Konservatives Christentum als Buhmann
Dieser beispiellose Säkularisierungsprozess, begleitet von zunehmenden „fortschrittlichen“ Strukturreformen in der Kirche selbst, hatte zur Folge, dass man vor allem in der ÖVP versuchte, jedwede sichtbare Nähe zu konservativen Kräften im Katholizismus zu vermeiden. Diese organisierten sich allenfalls noch im vorpolitischen Raum in Schüler- oder Studentenverbänden des Mittelschülerkartellverbandes (MKV) oder Cartellverbandes (CV), in monarchistischen Vereinigungen wie der „Jungen Europäischen Studenteninitiative“ (JES) oder rund um Medienprojekte wie kath.net, das 1999 begonnen hat, eine konservative mediale Gegenöffentlichkeit aufzubauen.
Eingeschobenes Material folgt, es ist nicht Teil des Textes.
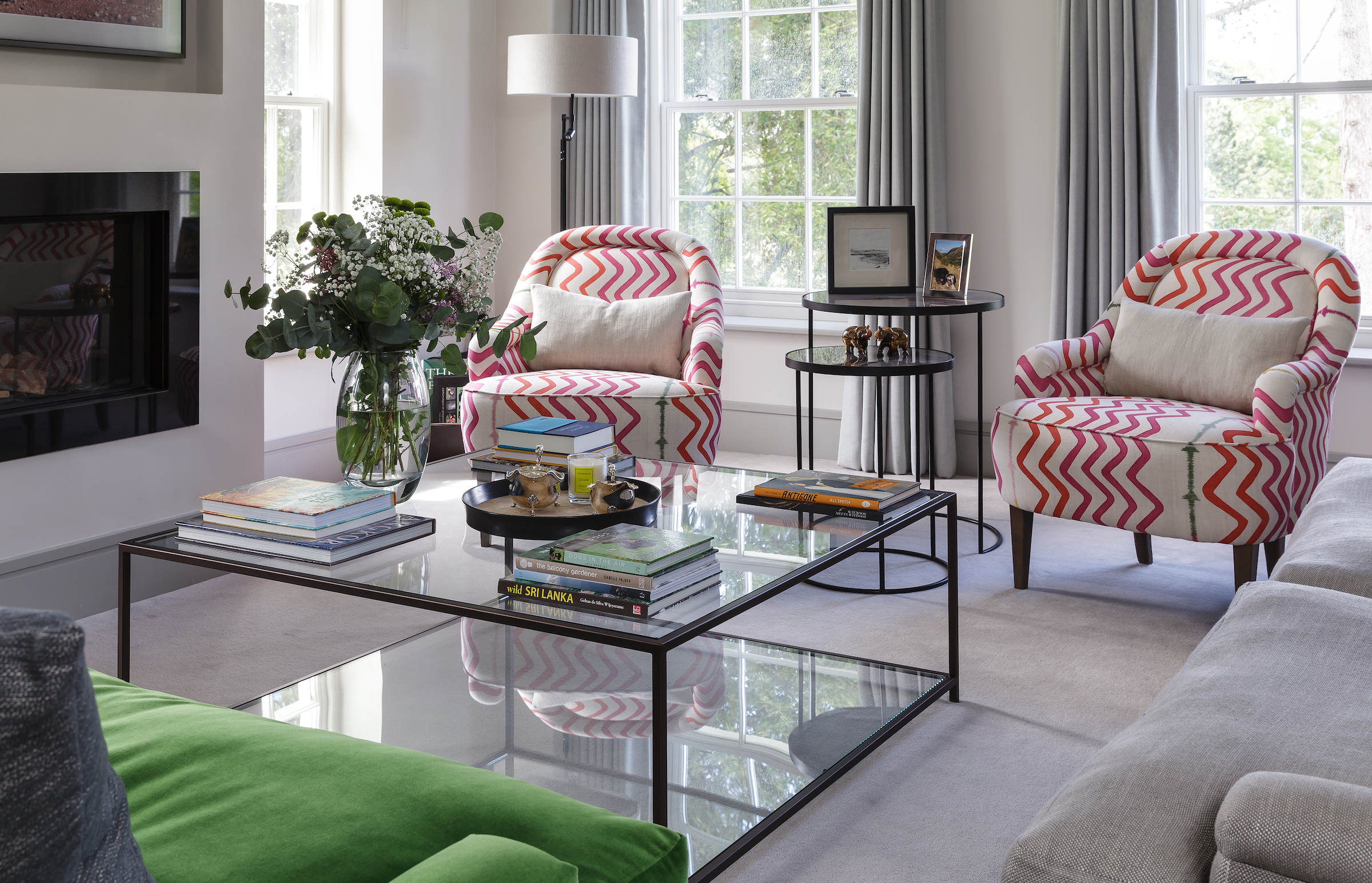 Kit Kemp Rick Rack fabric on armchairs interior Design by Hilary White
Auf parteipolitischer Ebene blieben hingegen Projekte wie die „Christliche Wählergemeinschaft“, die „Christlich-Soziale Allianz“ von Karl Habsburg, „Die Christen“ oder die „Reformkonservativen“ (REKOS) des früheren FPÖ-Politikers Ewald Stadler erfolglos.
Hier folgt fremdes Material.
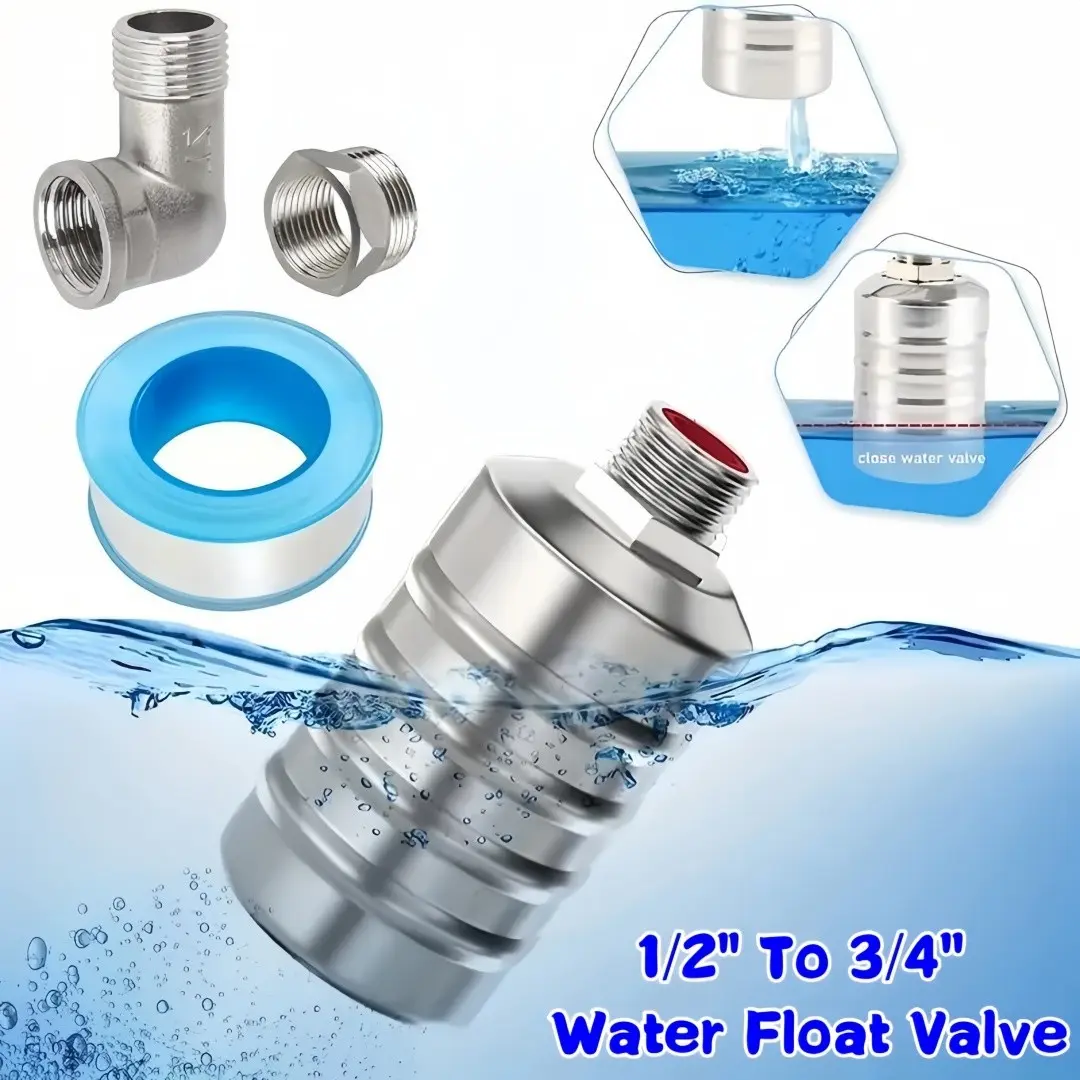304 Stainless Steel Heavy Duty Automatic Water Level Control Regulate Float Valve, 1/2 Inch to 3/4 Inch, Suitable for Pools, Tanks, Livestock Drinker, Hardware, Parts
Auch weil in Österreich neben dem Katholizismus kaum eine christliche Religionsgemeinschaft eine Rolle spielte – allenfalls FPÖ-Chef HC Strache zeigte sich 2008 im Wahlkampf demonstrativ mit einer serbisch-orthodoxen „Brojanica“-Gebetskette, die ihm serbische Einwanderer geschenkt hatten -, erschien es de facto als undenkbar, dass österreichische Spitzenpolitiker, auch solche der ÖVP, bei Veranstaltungen wie „Awakening“ auftreten.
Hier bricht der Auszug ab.